The book I am reviewing is the book “Life Of Pi” by Yann Martel. You may recognize this book from the popular 2012 movie based after this novel. You also may recognize Yann Martel from other Canadian books that he has authored, such as “Self”. At any rate, Yann outdid himself with this book. Not many people could take the life of a young Indian man and make it into a compelling epic filled with conflict, hope, & promise.
This 537 page novel is divided into three main parts. The first is told from the point of view of Piscine Molitor Patel. His father owns a zoo in Pondicherry, India. He talks about his young life and the lessons he learned. Two really important things happen in this section. Firstly, after receiving the nickname “Pissing Patel,” he makes a new nickname for himself as “Pi Patel.” You get the idea that Pi is just a normal Hindu boy living in India. Secondly, Piscine “Pi” is born Hindu, but at the age of fourteen he starts practicing Christianity and Islam as well. He claims his reasoning as “I just want to love god,” (pgs 129-130). If I were Pi, I would have prayed to God more because Pi was about to have some bad luck.

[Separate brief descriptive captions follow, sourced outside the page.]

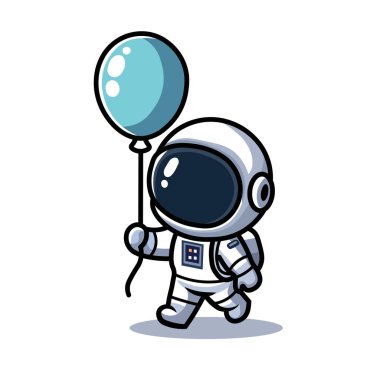 Mavi Balon Tutan Mini Astronot Çizgi Filmi, Neşeli Keşif Sembolü 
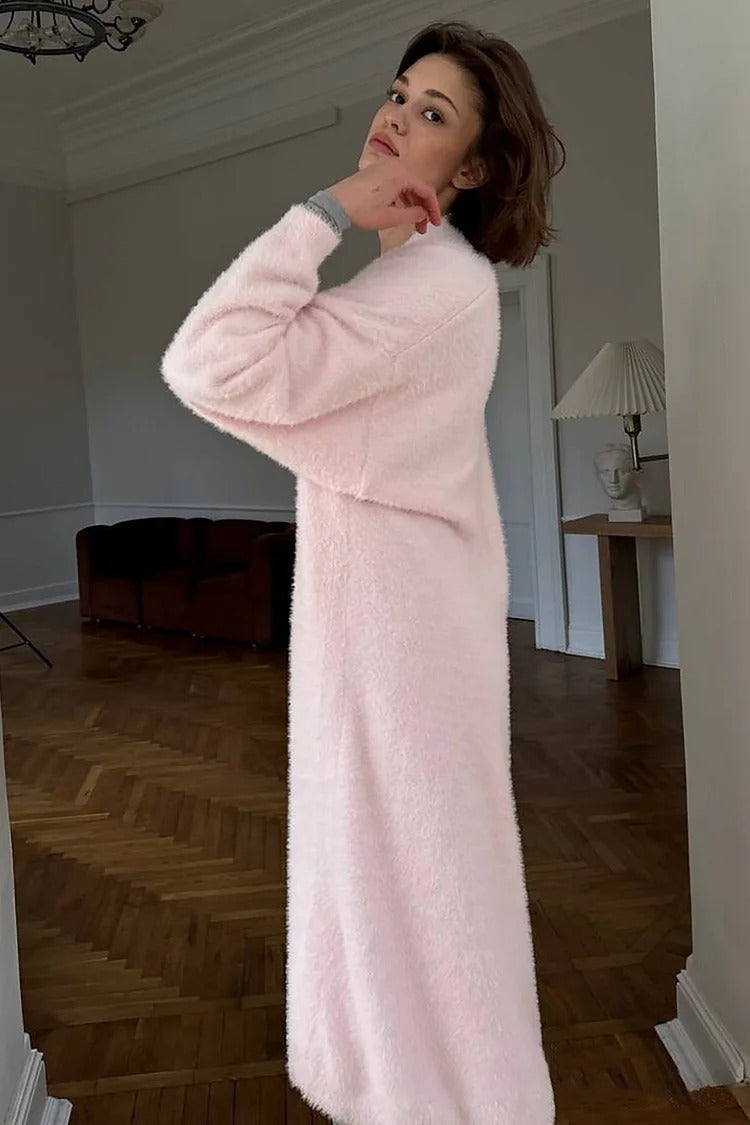 Pink Fuzzy Lantern Sleeve Cardigan - Amara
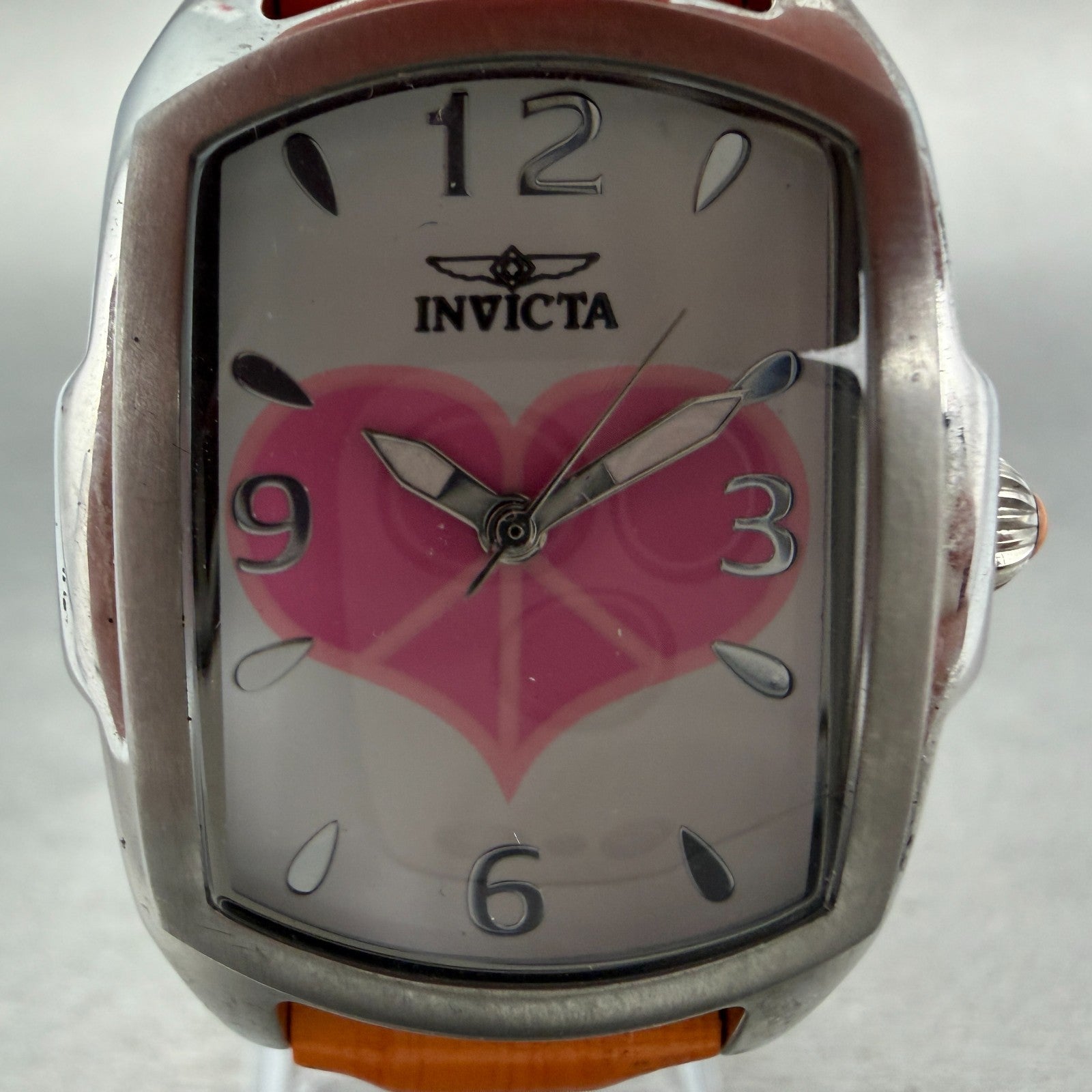 Invicta Lupah Watch Women 29mm White Dial Silver Tone 19840 New Batt Pink Heart1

The second is also told from Pi’s point of view. Surprising to me and unlike most book protagonists, Pi does not search for adventure. Instead it is forced upon him. His parents decide to move from India to Canada. After traveling with the animals on a ship so they can be sold elsewhere, Pi and the Patel family are thrown into danger. Their boat suddenly capsizes. Pi saves himself by climbing into a lifeboat but he is stuck with 3 (later 4) of the animals from his zoo. These animals are: a hyena, a zebra, an orangutan named Orange Juice, and a Bengal tiger named Richard Parker (RP). Eventually, only RP is left. Pi and RP learn to cope with each other in the boat for 227 days, most of which are spent describing the sea, stars, and his situation. Unlike most other stories, this story seems natural as if it was authored by Pi himself. Pi must remind himself continually of his family and realizes that life is only good if enjoyed, a continual reference through the rest of the book. If not for RP, Pi would have given up and died. Will Pi ever make it back? You’ll have to read the book to see what happens.
During the final part of the novel, years later, a much older Pi Patel is being interviewed by two reporters who are looking for info about the ship he was on. When they do not believe the story he tells them with the animals, he tells them another story in which Pi, his mother, the ship’s cook, and one of the sailors are on the lifeboat instead. The reporters have a mixed review to this story as well. Because neither of the stories have anything to do with the ship, they choose one of the stories. Pi’s response is simply “Thank you. And so it goes with God,” (pg. 531). You’ll have to read to find out which story they chose.
Overall, I would give this novel about 3.5/5 stars, because of two reasons. The book uses complicating word choice and if you prefer short books, this book is not for you. Also, the book does drag on in the middle while describing the few things Pi sees in the ocean in great detail. This leads to a slightly stretched out conflict and even some redundancy, but if you can make it past this part of the book, it is well worth it to see the end of Pi’s journey. Condensed into about 250-300 pages, this book would have been flawless, but now it is forced to depend on a simple plot and pure curiosity to keep the reader going. The only reason I did not stop is because I had to know how Pi’s life ended in the end.